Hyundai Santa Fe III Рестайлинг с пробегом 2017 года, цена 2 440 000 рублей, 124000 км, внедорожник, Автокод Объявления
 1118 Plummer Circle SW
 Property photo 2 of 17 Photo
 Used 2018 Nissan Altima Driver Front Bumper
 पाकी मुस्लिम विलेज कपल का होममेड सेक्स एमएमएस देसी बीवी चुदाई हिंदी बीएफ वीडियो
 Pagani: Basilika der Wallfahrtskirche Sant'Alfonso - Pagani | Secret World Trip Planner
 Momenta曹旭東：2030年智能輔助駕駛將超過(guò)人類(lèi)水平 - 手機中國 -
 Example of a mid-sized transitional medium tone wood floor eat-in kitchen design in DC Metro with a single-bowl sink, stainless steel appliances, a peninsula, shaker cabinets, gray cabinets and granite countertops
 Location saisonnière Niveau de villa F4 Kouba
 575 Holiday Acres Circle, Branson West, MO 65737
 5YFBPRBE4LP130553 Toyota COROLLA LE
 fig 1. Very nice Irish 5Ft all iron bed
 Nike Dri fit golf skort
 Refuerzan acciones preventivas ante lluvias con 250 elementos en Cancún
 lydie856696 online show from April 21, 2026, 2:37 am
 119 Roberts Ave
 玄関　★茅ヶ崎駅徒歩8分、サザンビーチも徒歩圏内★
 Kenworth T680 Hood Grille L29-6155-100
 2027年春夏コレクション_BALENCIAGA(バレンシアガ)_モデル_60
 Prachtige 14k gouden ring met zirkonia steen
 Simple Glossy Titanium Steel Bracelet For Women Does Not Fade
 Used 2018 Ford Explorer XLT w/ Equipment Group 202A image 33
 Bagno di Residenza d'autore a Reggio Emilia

************

WHAT IS BEING ASKED: The word "Used" is the filter: copy every line of the listing above that contains it.

COMPLETED EXERCISE:
 Used 2018 Nissan Altima Driver Front Bumper
 Used 2018 Ford Explorer XLT w/ Equipment Group 202A image 33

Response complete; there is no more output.